The US government recently failed to get wiretap access to Facebook Messenger, according to a new report. The legal spat allegedly took place in the US District Court in Fresno, California, and was sealed from the public. Sources claim the case involved suspected gang members and law enforcement’s desire to monitor their communications.
The information comes from Reuters, which reports that it got details from sources with knowledge of the sealed case. Last month, the same publication reported that federal and state law enforcement officials had tried to get Facebook ruled in contempt of court for refusing to wiretap Messenger.
The report claims that the judge ruled in favor of Facebook despite arguments against it, but no official statements have been made.

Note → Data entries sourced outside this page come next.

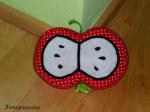 Apfel-Nadelkissen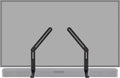 ECHOGEAR Sound Bar Mounting Bracket for Under TV - Adjustable Height & Depth for Max Compatibility Between TV & Soundbar - Dolby Atmos Compatible & Works with LG, Vizio, Bose & More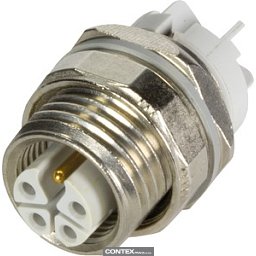 Obrázek pro produktM12-PCB-THR-2PC-5P-KCOD-F-STR- Back 1pc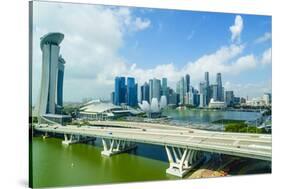 Busy Roads Leading to the Marina Bay Sands-Fraser Hall-Stretched Canvas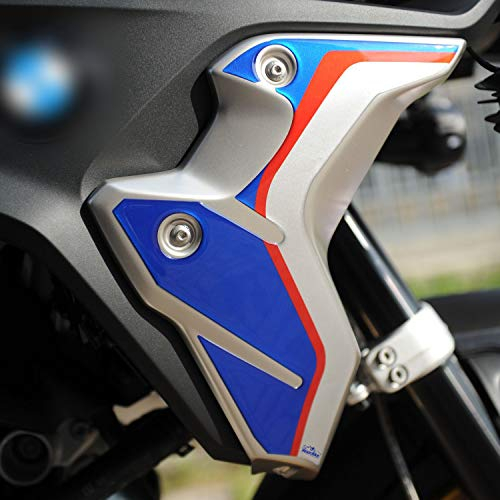 Resin Bike Aufkleber für Motorrad Kompatibel mit BMW R 1250 GS 2019-2020 HP. Seitenschutzgitter vor Stößen und Kratzern. Paar 3D-Harzklebstoff – Stickers - Made in Italy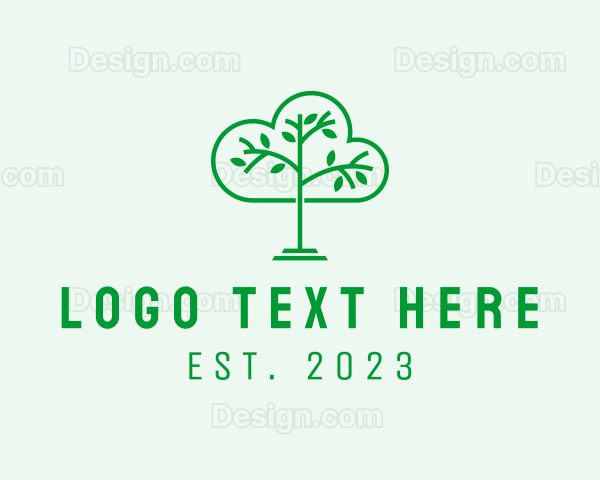 Natural Tree Cloud Logo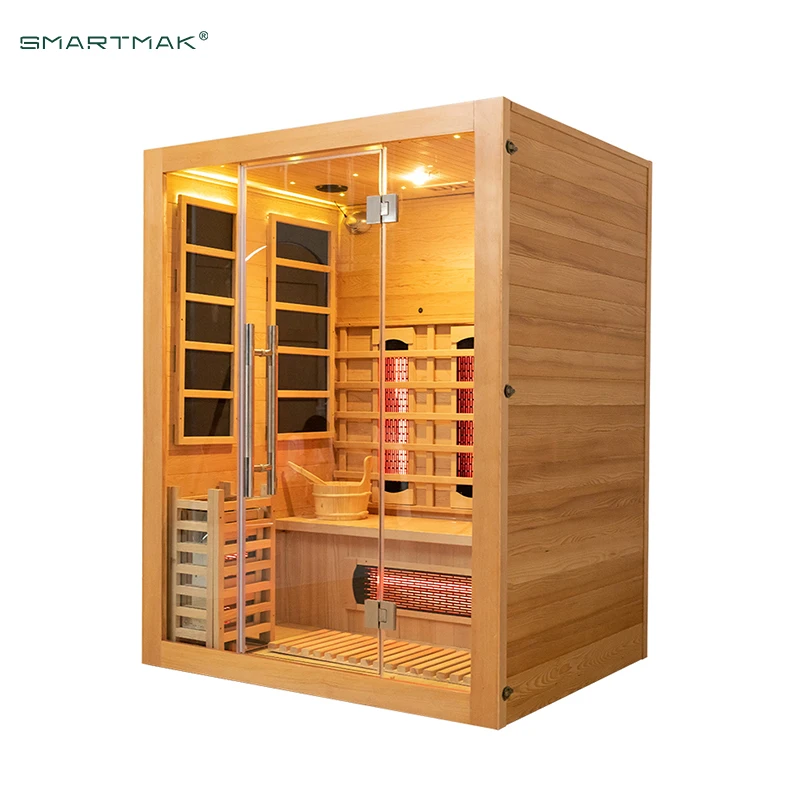 Hot selling far infrared sauna room indoor hemlock dry sauna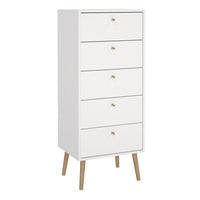 Thumbnail for Cumbria Chest 5 Drawers White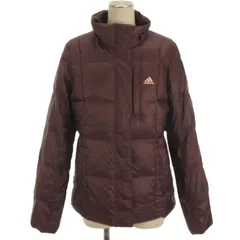 アディダス adidas ダウンジャケット ボルドー L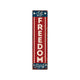 36" Red White And Blue Americana Solid Wood Welcome Reversible Porch Sign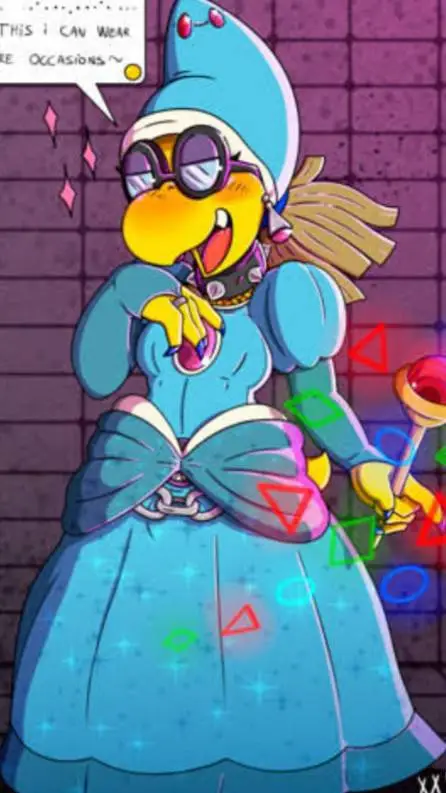 ai character: Kamek gal background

The sources weren’t able to elaborate on why the judge ruled in the company’s favor.
It is noted, though, that an FBI agent publicly filed an affidavit related to the Fresno case, and the document reportedly shows that officials weren’t able to wiretap Messenger voice calls — at least not at the time of the legal issue.
Tech companies have resisted wiretapping orders by pointing out that voice calls on apps like Messenger are solely over the Internet, not traditional telecommunications equipment. According to Reuters, court documents revealed that law enforcement was successfully gathering text messages sent using Facebook Messenger, as well as regular phone calls.
The report is the latest in many public and alleged clashes between law enforcement and tech companies. Officials have increasingly complained about the rise of encryption and a lack of backdoors, making it difficult or impossible to access certain data as part of investigations and court proceedings.